The lines from the one containing "Đạp thốc ga" through the last line below, both ends included, must be reproduced exactly, with no pictures.

····················

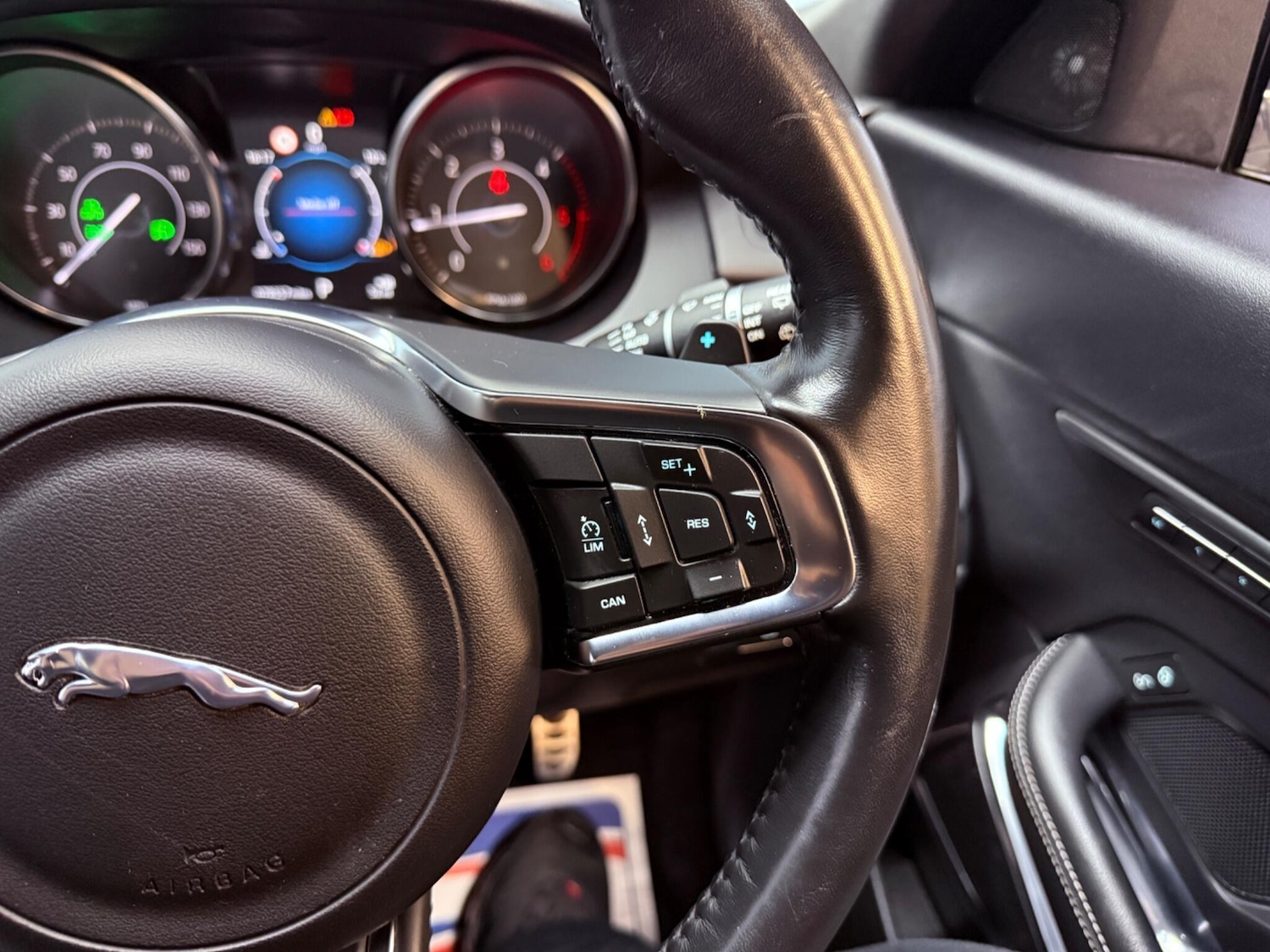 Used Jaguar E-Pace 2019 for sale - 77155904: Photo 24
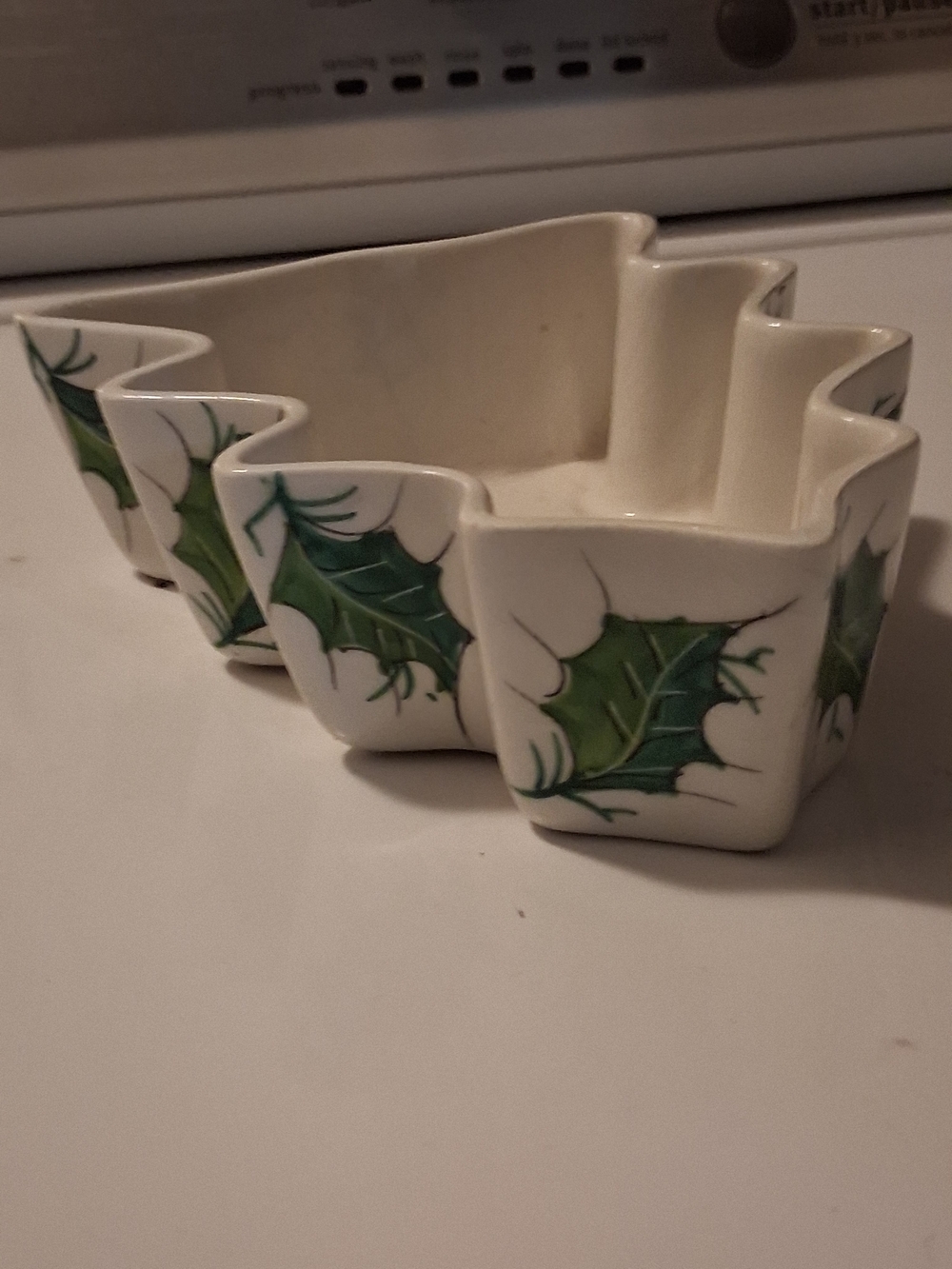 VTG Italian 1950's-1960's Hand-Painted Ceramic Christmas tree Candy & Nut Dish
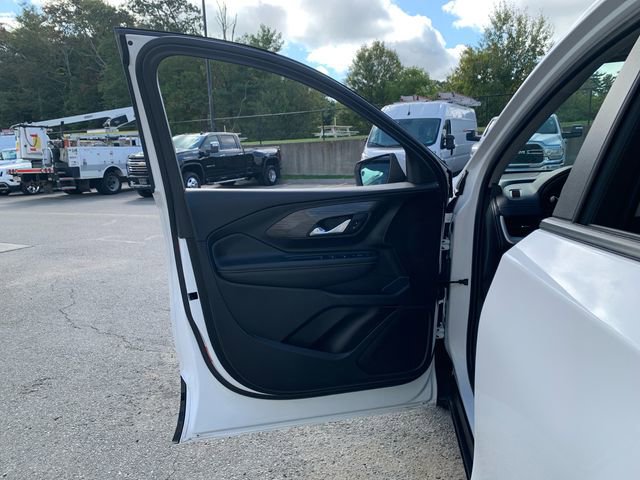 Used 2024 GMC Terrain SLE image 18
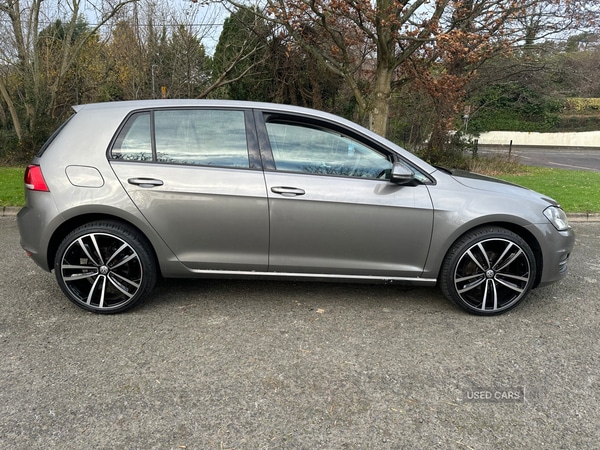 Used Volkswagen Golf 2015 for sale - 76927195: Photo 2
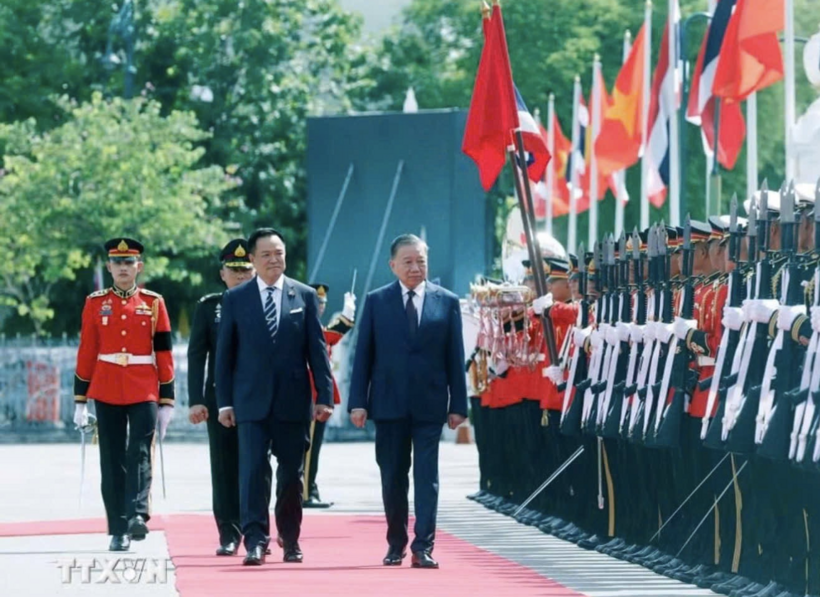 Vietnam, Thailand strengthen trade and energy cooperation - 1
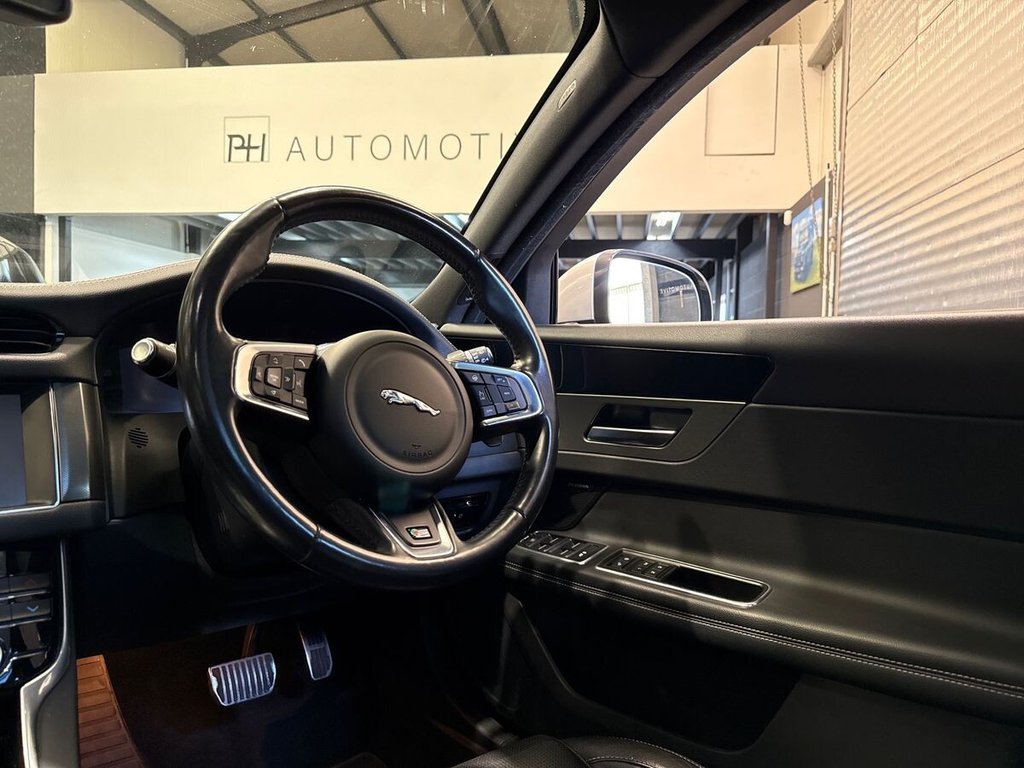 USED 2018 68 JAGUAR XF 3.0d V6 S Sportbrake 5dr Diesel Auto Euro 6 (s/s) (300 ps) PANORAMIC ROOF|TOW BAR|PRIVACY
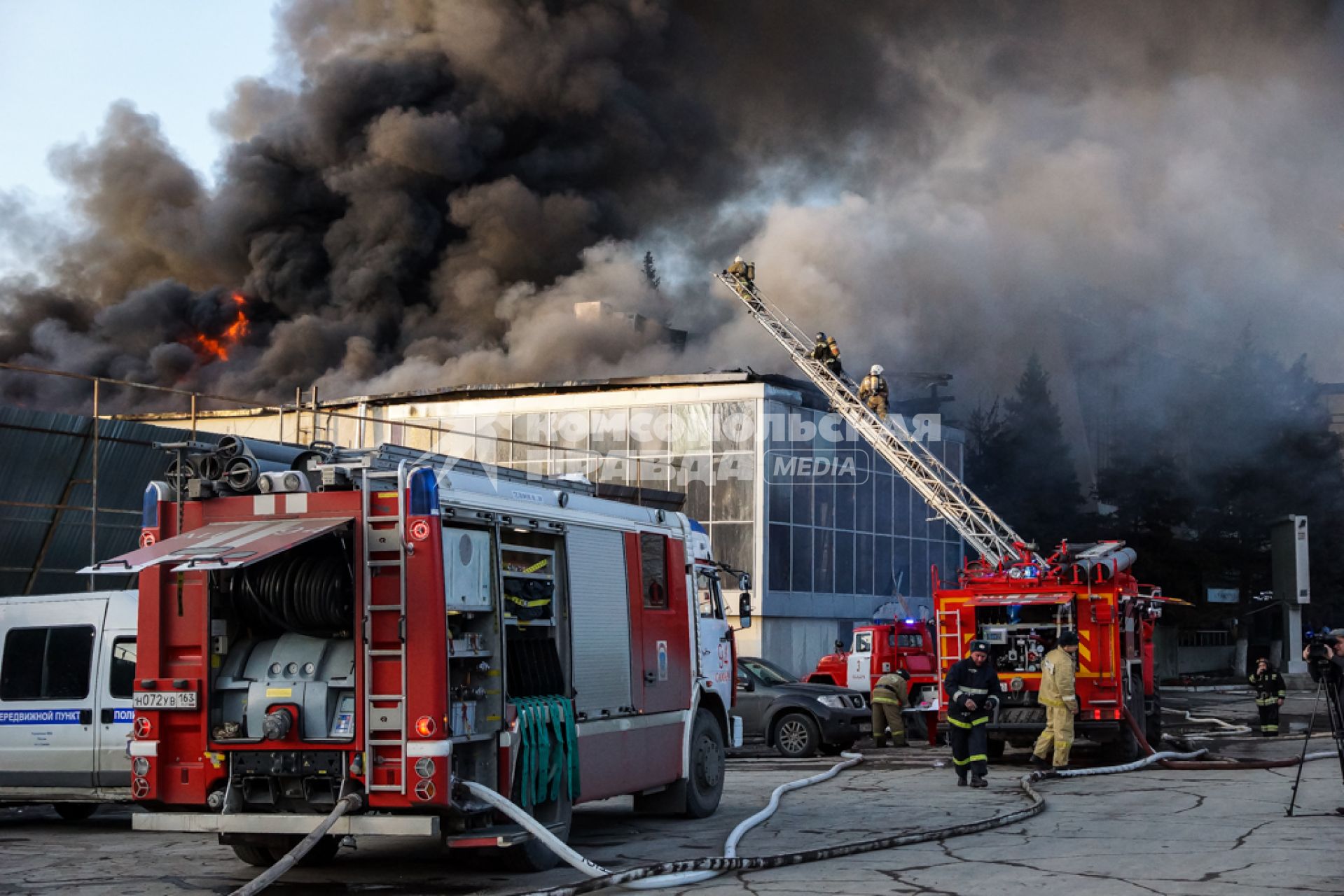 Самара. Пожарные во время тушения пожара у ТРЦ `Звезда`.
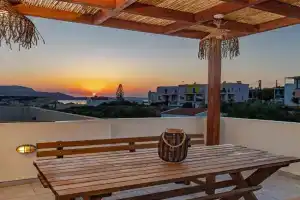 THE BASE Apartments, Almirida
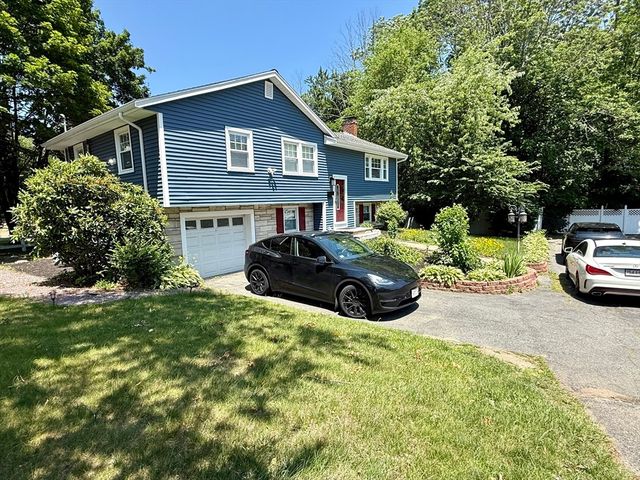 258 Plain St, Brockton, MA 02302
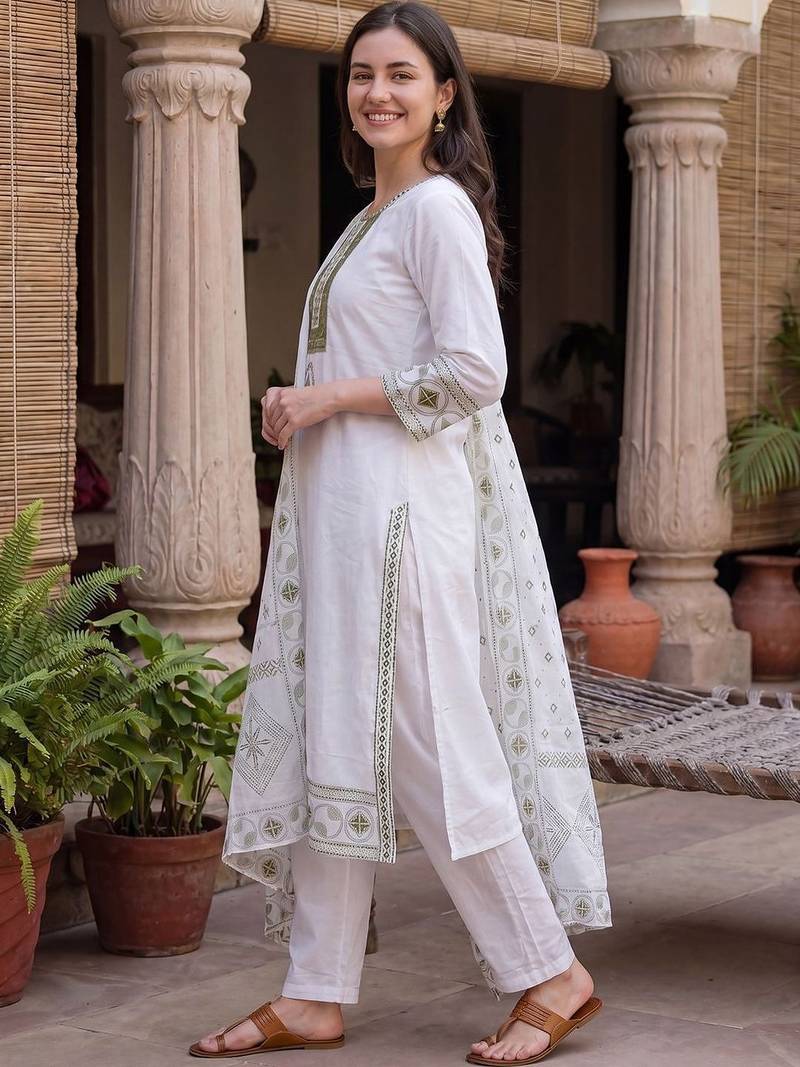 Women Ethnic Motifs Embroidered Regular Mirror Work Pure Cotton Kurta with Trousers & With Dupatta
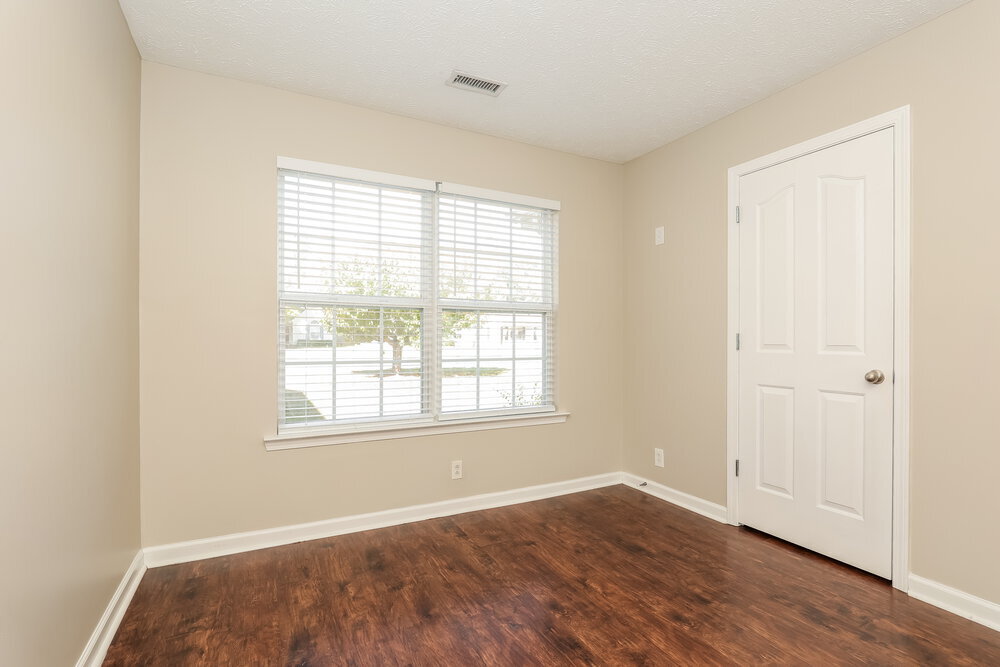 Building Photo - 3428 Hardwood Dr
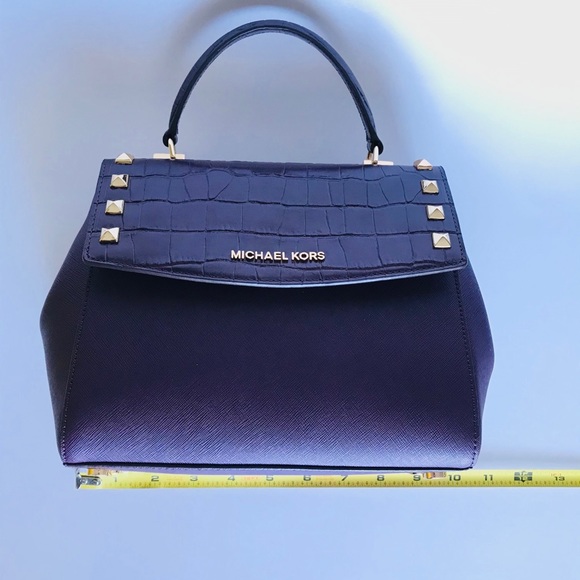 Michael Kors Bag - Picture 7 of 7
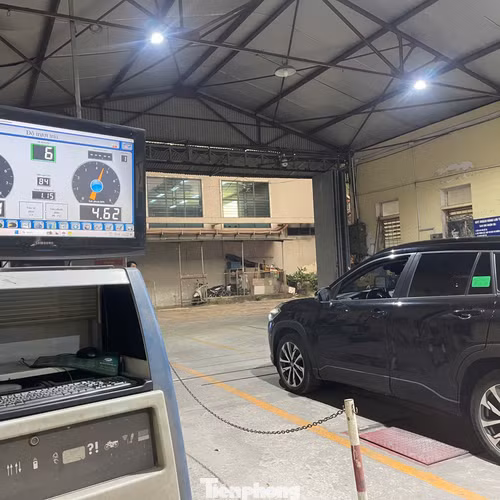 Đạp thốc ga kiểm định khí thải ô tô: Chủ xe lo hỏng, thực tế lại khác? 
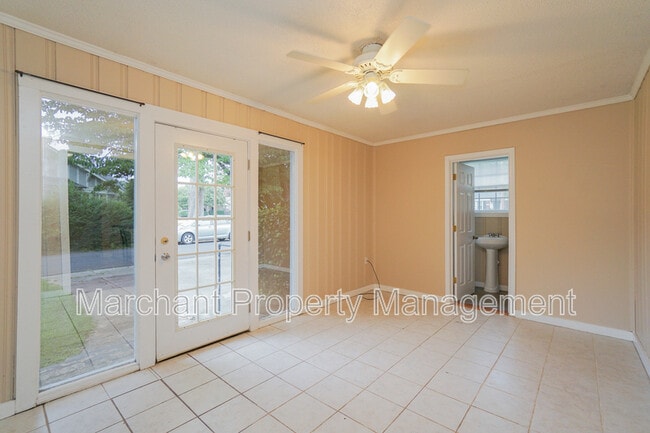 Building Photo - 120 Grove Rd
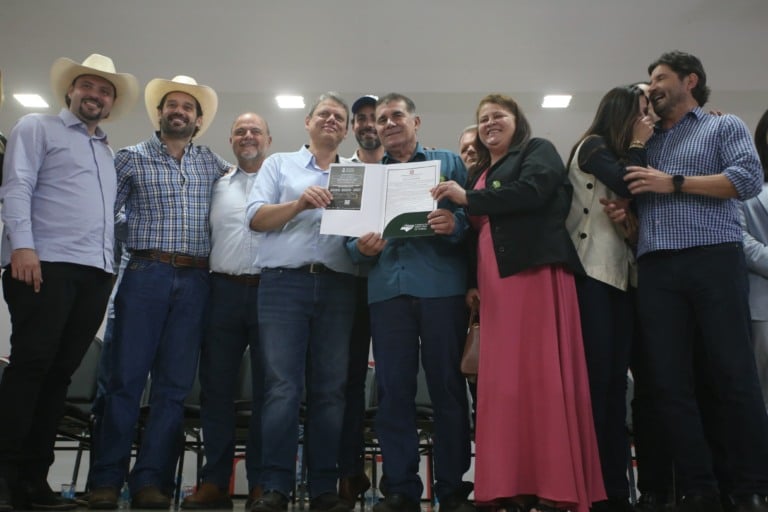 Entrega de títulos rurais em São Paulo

····················

- SOLUTION BELOW:
 Đạp thốc ga kiểm định khí thải ô tô: Chủ xe lo hỏng, thực tế lại khác? 
 Building Photo - 120 Grove Rd
 Entrega de títulos rurais em São Paulo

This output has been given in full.